Will test on smaller notebook, older Win10 PC and RasPi4.

Checklist:

My code follows the code style of this project.
I have performed a self-review of my own code
I have commented my code, particularly in hard-to-understand areas
I have made corresponding changes to the documentation (header file)
I have updated the respective chapter in the Stellarium User Guide
My changes generate no new warnings
I have added tests that prove my fix is effective or that my feature works
New and existing unit tests pass locally with my changes
Any dependent changes have been merged and published in downstream modules

github-actions · 2024-08-09T22:32:04Z

Great PR! Please pay attention to the following items before merging:

Files matching src/**/*.cpp:

Are possibly unused includes removed?

Files matching guide/**:

Did you remember to update screenshots to match new updates?
Did you remember to grammar check in changed part of documentation?

This is an automatically generated QA checklist based on modified files.

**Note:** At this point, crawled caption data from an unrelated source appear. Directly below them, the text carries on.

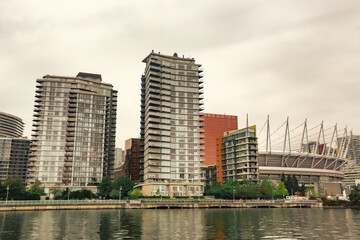 Fototapeta na wymiar Granville island marina and residential buildings in Vancouver downtown Canada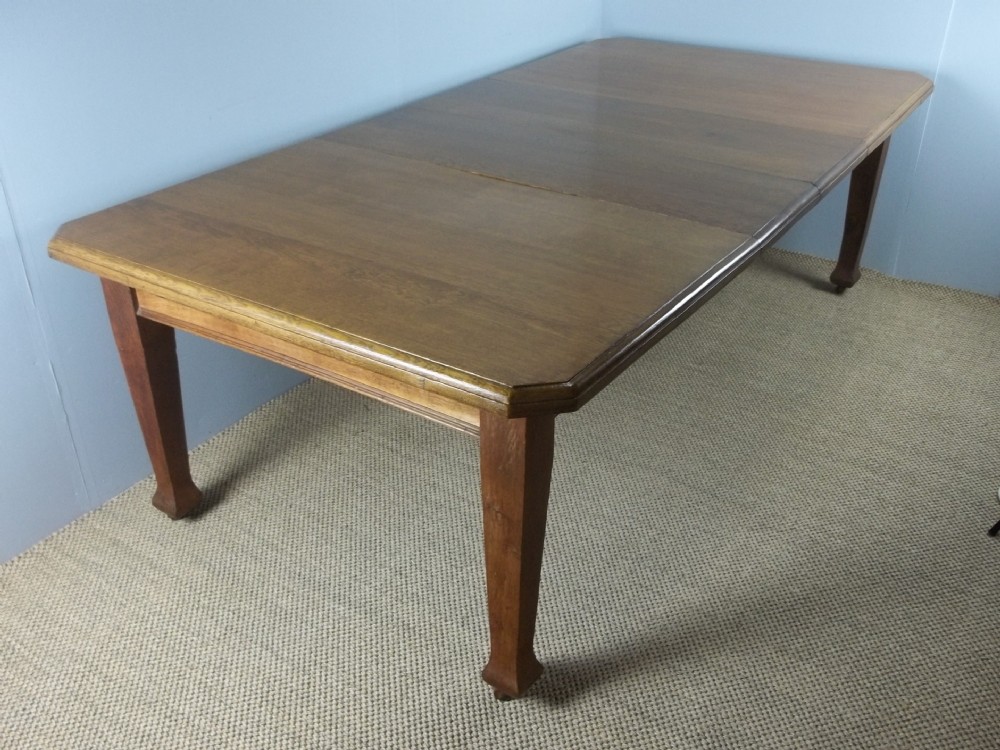 A Large antique oak Arts and Crafts wind out extending eight ten twelve seat dining table. C.1900.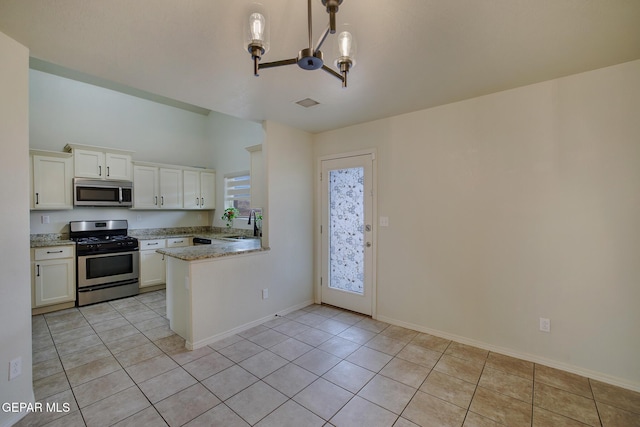7044 Eagle Nest Ct, El Paso, TX 79934 - kitchen with appliances with stainless steel finishes, white cabinets, light tile patterned floors, baseboards, and a peninsula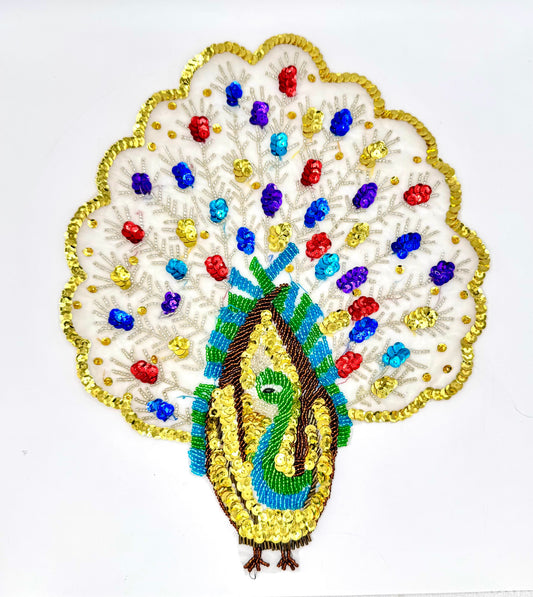 Decorative peacock with colorful beads and sequins on a white background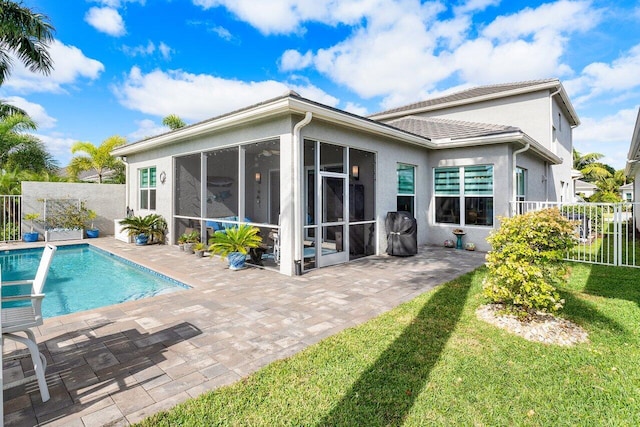 rear view of property featuring a lawn, a patio area, a sunroom, and a fenced in pool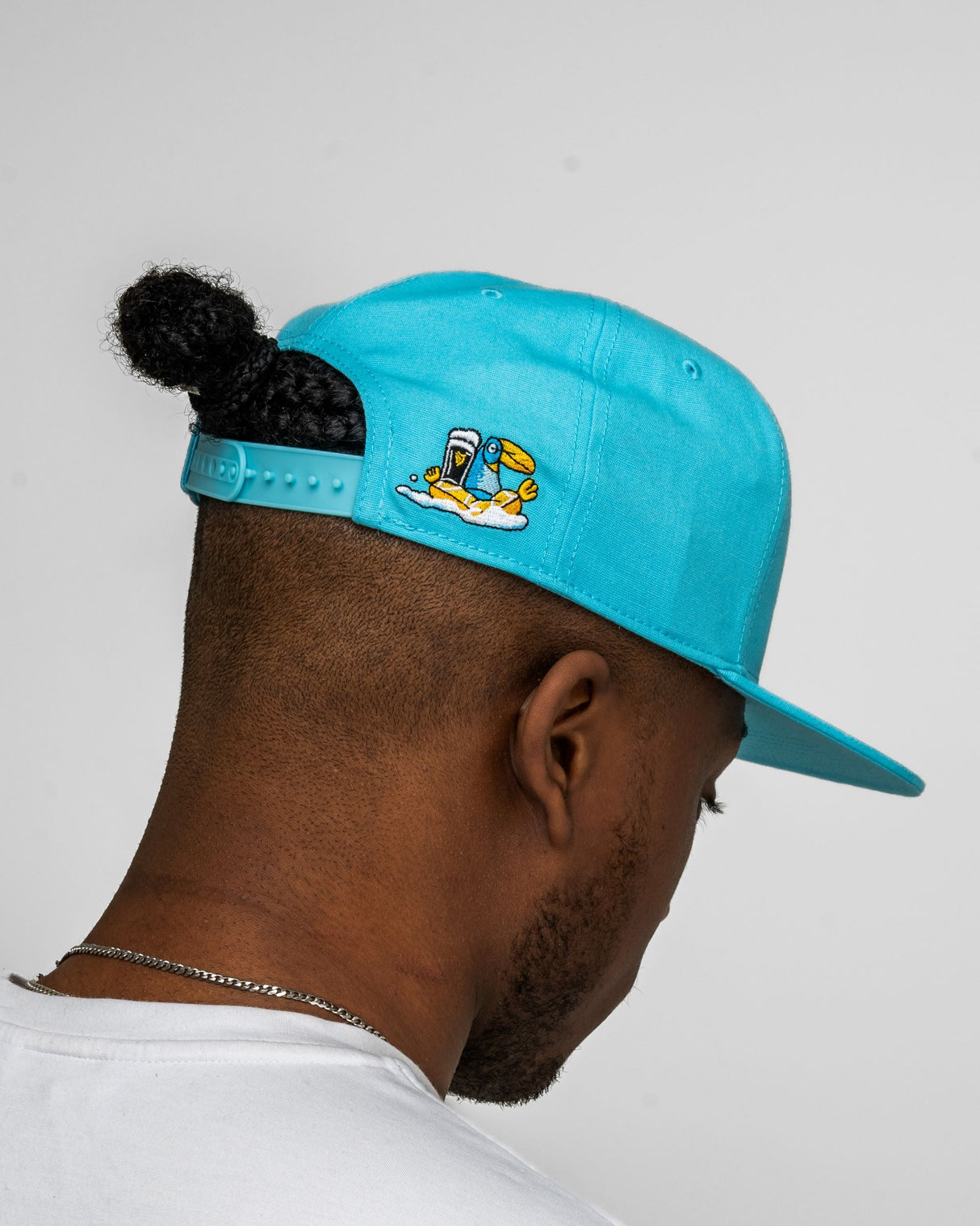 Person wearing a turquoise cap with a logo on a plain background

src/core/planetsephems/jpleph.cpp

gzotti · 2024-08-10T23:04:13Z

Test on small notebook: 30fps (V24.2) --> 45fps. Quite a gain!
Test on Raspi4: Still only black window like last time I tried (i.e. black screen is unrelated). I can save screenshots, though. Sorry, I have no time to follow up on this.

src/gui/StelGuiItems.cpp

alex-w · 2024-08-14T08:27:42Z

It's unfortunately not just the long ssystem_minor.ini. Does master run on your RPi4 with Ubuntu 24.4? I only see the black screen reported earlier. Activating wayland in raspi-config makes it only worse, Stellarium fails to launch. I have not tried RaspberryOS lately, though.

Hmm... please run via CLI:
MESA_GL_VERSION_OVERRIDE=3.0 MESA_GLSL_VERSION_OVERRIDE=130 QT_QPA_PLATFORM=xcb ./stellarium --opengl-compat

gzotti · 2024-08-14T08:36:43Z

Yes, right, I have just found that again this morning, and it works.
Compiling however had shown again the occurrence of "please build with -fPIC". I don't know where to configure this. CXX_OPTS? It is required for ShowMySky, which I have disabled for this test now. @10110111 ?
Also, on Linux/GCC there are still several compiler warnings which MSVC does not show. Does any of you care about those?

10110111 · 2024-08-14T09:53:48Z

Compiling however had shown again the occurrence of "please build with -fPIC". I don't know where to configure this. CXX_OPTS?

Ideally, Qt should provide this via their CMake config. I'm not sure what I'm doing wrong.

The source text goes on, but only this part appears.